Top of EXERCISE MATERIALS

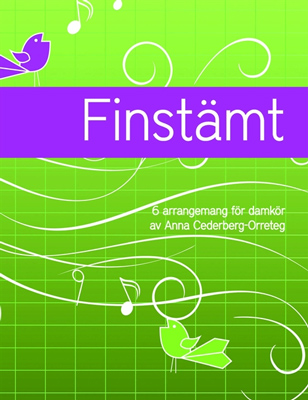 Product Image for Finstämt: 6 arrangemang för damkör av anna cederberg-orreteg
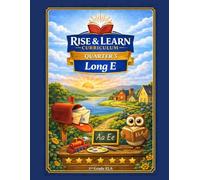 Rise and Learn Curriculum: 1st Grade ELA - Quarter 3, Unit 14: Long E Vowel (ee, ea, e_e): Standards-Aligned Phonics Worksheets, Reading Passages, ... for Mastering Long E Vowel Patterns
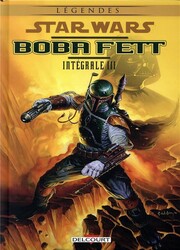couverture du Bande Dessin&eacute;e Star Wars - Boba Fett - Int&eacute;grale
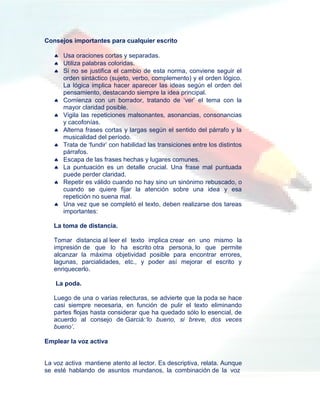 Consejos importantes para cualquier escrito

    Usa oraciones cortas y separadas.
    Utiliza palabras coloridas.
    Si no se justifica el cambio de esta norma, conviene seguir el
     orden sintáctico (sujeto, verbo, complemento) y el orden lógico.
     La lógica implica hacer aparecer las ideas según el orden del
     pensamiento, destacando siempre la idea principal.
    Comienza con un borrador, tratando de „ver‟ el tema con la
     mayor claridad posible.
    Vigila las repeticiones malsonantes, asonancias, consonancias
     y cacofonías.
    Alterna frases cortas y largas según el sentido del párrafo y la
     musicalidad del período.
    Trata de „fundir‟ con habilidad las transiciones entre los distintos
     párrafos.
    Escapa de las frases hechas y lugares comunes.
    La puntuación es un detalle crucial. Una frase mal puntuada
     puede perder claridad.
    Repetir es válido cuando no hay sino un sinónimo rebuscado, o
     cuando se quiere fijar la atención sobre una idea y esa
     repetición no suena mal.
    Una vez que se completó el texto, deben realizarse dos tareas
     importantes:

   La toma de distancia.

   Tomar distancia al leer el texto implica crear en uno mismo la
   impresión de que lo ha escrito otra persona, lo que permite
   alcanzar la máxima objetividad posible para encontrar errores,
   lagunas, parcialidades, etc., y poder así mejorar el escrito y
   enriquecerlo.

    La poda.

   Luego de una o varias relecturas, se advierte que la poda se hace
   casi siempre necesaria, en función de pulir el texto eliminando
   partes flojas hasta considerar que ha quedado sólo lo esencial, de
   acuerdo al consejo de Garciá:‘lo bueno, si breve, dos veces
   bueno’.

Emplear la voz activa


La voz activa mantiene atento al lector. Es descriptiva, relata. Aunque
se esté hablando de asuntos mundanos, la combinación de la voz
 
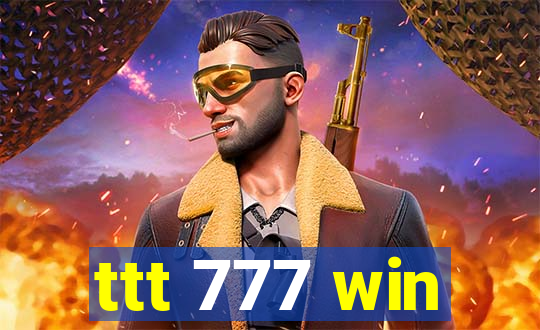 ttt 777 win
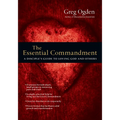 The Essential Commandment: A Disciple's Guide to Loving God and Others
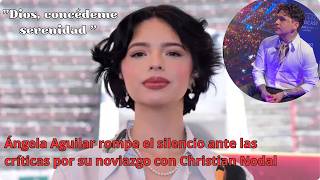 Ángela Aguilar rompe el silencio ante las críticas por su noviazgo con Christian Nodal [upl. by Charis169]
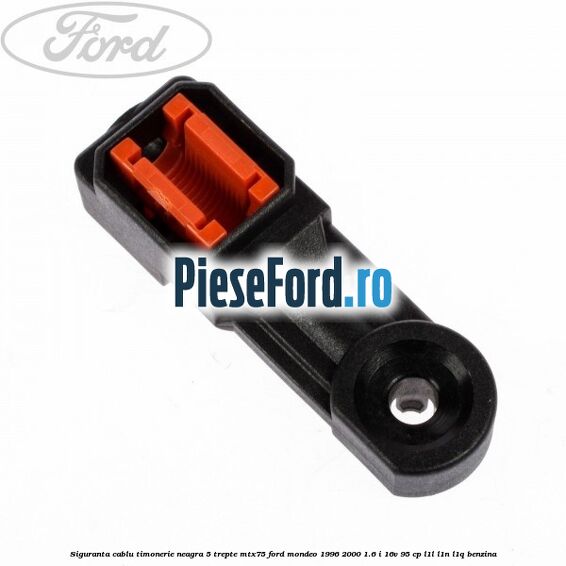 Siguranta cablu timonerie neagra 5 trepte MTX75 Ford Mondeo 1996-2000 1.6 i 16V 95 cp L1L, L1N, L1Q benzina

Bottom of EXERCISE MATERIALS

For every line above that includes the word "cuando", return the line.

TASK OUTPUT |
    Repetir es válido cuando no hay sino un sinónimo rebuscado, o
     cuando se quiere fijar la atención sobre una idea y esa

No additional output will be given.